Activity :: Leave out every line before the one that contains "ハーモニー　弐番館（205） 駐車場". Please restate that line and the rest of the data word for word, through the end.

Source data ::
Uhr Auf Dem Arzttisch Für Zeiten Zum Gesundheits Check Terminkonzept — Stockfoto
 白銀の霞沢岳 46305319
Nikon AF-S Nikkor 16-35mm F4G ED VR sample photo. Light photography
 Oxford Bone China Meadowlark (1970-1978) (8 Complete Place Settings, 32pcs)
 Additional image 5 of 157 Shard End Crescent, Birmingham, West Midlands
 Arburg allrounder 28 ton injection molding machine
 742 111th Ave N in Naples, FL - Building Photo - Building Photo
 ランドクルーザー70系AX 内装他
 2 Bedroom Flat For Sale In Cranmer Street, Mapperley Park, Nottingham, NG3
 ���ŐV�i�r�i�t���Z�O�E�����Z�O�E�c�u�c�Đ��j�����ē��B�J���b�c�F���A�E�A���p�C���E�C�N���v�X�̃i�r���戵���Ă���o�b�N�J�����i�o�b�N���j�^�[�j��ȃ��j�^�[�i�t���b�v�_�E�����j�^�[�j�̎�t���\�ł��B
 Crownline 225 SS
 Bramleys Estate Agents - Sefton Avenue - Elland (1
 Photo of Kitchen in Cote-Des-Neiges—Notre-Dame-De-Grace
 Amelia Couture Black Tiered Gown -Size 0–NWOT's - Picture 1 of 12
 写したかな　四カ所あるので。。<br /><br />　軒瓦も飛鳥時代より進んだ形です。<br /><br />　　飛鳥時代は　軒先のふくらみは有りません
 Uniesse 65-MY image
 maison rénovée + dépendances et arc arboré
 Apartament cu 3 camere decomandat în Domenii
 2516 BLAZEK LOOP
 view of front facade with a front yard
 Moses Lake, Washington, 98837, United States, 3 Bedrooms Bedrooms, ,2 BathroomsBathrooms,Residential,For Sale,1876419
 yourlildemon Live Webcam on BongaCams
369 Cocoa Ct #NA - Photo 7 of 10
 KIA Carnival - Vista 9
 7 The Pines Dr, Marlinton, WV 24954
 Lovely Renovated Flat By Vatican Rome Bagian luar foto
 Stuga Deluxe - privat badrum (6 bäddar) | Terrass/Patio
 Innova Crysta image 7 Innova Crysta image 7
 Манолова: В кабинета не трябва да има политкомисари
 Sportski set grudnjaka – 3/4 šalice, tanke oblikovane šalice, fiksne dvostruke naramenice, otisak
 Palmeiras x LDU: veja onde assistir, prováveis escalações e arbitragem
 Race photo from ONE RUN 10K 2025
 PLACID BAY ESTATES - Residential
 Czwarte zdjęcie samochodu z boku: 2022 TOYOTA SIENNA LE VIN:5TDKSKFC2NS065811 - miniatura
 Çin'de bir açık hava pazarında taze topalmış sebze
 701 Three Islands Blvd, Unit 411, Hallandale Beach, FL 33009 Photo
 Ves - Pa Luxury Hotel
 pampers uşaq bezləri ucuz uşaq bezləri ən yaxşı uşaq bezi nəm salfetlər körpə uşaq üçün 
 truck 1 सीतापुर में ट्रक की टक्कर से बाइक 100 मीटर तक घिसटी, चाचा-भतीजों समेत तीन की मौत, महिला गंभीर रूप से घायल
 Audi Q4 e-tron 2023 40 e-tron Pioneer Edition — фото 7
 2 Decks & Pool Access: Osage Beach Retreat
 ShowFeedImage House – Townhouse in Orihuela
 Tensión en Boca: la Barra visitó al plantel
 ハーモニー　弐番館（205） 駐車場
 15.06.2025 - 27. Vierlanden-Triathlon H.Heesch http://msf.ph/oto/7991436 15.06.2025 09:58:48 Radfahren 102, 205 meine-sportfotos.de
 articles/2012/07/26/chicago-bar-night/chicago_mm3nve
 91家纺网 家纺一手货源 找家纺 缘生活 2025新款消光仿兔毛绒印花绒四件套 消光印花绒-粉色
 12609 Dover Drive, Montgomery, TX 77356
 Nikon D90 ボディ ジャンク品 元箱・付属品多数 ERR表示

Output of the exercise ::
 ハーモニー　弐番館（205） 駐車場
 15.06.2025 - 27. Vierlanden-Triathlon H.Heesch http://msf.ph/oto/7991436 15.06.2025 09:58:48 Radfahren 102, 205 meine-sportfotos.de
 articles/2012/07/26/chicago-bar-night/chicago_mm3nve
 91家纺网 家纺一手货源 找家纺 缘生活 2025新款消光仿兔毛绒印花绒四件套 消光印花绒-粉色
 12609 Dover Drive, Montgomery, TX 77356
 Nikon D90 ボディ ジャンク品 元箱・付属品多数 ERR表示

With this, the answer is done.